A total number of 19,512,195 new common shares with a nominal value of €0.25 each will thus be issued to the benefit of Invus Public Equities LP and Financière de la Montagne. These new shares will represent approximately 21% of the Company’s share capital before the implementation of the private placement. Following this placement, a shareholder with a 1% stake in the Company would see their stake reduced to 0.83%. The subscription price has been set at €0.410 per new share, corresponding to the weighted average share price over the 3 previous trading sessions (i.e. from April 1 to 5, 2021 inclusive) without a discount, giving net proceeds of €8 million.

Settlement-delivery of the new shares and reception of the funds will occur no later than April 8, 2022 and will be confirmed by the Chief Executive Officer, acting upon delegation on behalf of the Board of Directors.

The issue is not subject to a prospectus requiring a visa from the AMF French financial market authority.

Delivery and admission to trading of the new shares

The admission of the new shares to trading on the Euronext Growth market in Paris is scheduled for no later than April 12, 2022. They will be listed on the same line as the Company’s existing shares (ISIN: FR0010095596), will carry current dividend rights and will be immediately fungible with the Company’s existing shares.

Distribution of capital

Prior to the operation, the Company’s share capital consisted of 91,944,935 shares, of which 16.1% were held by Financière de la Montagne and 15.3% by Invus Public Equities LP.
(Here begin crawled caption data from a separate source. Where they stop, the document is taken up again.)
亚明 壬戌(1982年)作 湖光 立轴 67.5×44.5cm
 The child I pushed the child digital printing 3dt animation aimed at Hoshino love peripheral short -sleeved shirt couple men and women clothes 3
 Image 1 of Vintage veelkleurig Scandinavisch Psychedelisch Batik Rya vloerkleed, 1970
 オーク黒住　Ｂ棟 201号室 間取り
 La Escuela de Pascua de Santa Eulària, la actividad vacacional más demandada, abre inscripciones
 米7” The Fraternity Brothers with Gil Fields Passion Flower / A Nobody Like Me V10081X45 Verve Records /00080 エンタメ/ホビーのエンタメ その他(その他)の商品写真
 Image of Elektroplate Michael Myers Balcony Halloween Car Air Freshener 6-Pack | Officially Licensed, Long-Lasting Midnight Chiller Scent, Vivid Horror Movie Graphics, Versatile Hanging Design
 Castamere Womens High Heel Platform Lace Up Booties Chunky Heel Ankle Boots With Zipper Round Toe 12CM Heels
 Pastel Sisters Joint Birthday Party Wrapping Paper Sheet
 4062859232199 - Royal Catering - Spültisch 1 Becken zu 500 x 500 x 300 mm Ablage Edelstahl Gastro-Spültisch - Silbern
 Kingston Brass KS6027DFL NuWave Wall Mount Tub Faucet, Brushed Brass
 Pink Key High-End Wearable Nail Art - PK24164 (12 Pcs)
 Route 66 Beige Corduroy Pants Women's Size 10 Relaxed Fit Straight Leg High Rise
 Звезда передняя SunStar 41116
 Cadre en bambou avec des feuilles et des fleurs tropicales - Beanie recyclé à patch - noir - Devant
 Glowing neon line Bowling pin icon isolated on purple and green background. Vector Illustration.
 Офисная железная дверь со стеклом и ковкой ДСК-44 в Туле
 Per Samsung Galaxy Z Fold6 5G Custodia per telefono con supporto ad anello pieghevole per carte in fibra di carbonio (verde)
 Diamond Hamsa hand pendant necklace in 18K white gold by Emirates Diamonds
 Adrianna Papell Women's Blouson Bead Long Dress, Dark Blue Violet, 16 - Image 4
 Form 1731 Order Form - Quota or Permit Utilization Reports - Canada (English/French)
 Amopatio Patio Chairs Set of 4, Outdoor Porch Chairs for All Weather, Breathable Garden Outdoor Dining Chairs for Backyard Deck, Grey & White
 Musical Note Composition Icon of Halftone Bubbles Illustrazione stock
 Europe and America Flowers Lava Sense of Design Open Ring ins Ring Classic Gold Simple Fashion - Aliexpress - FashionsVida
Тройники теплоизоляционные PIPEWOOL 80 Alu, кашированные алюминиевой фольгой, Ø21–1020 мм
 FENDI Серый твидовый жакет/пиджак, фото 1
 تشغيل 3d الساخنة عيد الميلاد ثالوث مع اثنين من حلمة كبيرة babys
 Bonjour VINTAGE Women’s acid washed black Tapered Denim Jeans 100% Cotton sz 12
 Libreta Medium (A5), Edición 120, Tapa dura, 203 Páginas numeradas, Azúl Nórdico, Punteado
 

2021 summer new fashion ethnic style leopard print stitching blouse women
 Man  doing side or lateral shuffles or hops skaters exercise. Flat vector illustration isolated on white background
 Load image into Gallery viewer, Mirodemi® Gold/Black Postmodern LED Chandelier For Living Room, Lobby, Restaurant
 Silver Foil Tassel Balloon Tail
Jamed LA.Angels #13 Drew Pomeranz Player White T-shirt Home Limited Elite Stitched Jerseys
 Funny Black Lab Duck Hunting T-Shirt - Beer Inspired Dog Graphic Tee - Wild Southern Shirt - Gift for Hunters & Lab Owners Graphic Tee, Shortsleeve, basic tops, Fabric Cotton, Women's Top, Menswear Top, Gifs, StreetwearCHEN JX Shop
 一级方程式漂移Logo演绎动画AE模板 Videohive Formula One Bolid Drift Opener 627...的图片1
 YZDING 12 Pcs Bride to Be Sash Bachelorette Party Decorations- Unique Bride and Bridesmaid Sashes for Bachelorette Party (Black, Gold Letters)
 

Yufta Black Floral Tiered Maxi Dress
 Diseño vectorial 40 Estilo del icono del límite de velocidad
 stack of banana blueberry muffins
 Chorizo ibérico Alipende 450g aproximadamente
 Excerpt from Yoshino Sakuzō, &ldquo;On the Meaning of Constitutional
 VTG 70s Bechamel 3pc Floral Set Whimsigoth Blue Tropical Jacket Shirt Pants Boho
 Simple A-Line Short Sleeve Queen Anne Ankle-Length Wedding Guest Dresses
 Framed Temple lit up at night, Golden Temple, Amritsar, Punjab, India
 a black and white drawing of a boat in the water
Following completion of the capital increase, the shareholdings of Invus Public Equities LP and Financière de la Montagne will be 23.5% and 19.8% of the Company’s share capital respectively, based on a total number of 111,507,130 shares. To the Company’s knowledge, no other shareholders hold more than 5% of its share capital.

Convertible bond issue

This issuance of bonds convertible into common shares was decided by the Board of Directors in accordance with the thirteenth resolution approved by the Mixed General Meeting of June 10, 2021 (waiver of shareholders’ preferential subscription rights via a private placement reserved for a category of persons), based on the provisions of Articles L. 225-129 and following of the Commercial Code.

The convertible bond issue for a nominal amount of €4,000,000 is represented by 4,000,000 convertible bonds with a nominal value of one euro each, giving gross proceeds from the bond issue of €4 million. The convertible bonds will be subscribed by Invus Public Equities LP and Financière de la Montagne to the tune of €2.5 million and €1.5 million respectively.

Settlement-delivery of the convertible bonds and reception of the funds will occur no later than April 8, 2022 and will be confirmed by the Chief Executive Officer, acting upon delegation on behalf of the Board of Directors. The bonds will not be the subject of a request for admission to trading on the Euronext Growth market. However, any common shares resulting from the conversion of these convertible bonds will be, as soon as they are issued, on the same line as existing common shares (ISIN: FR0010095596).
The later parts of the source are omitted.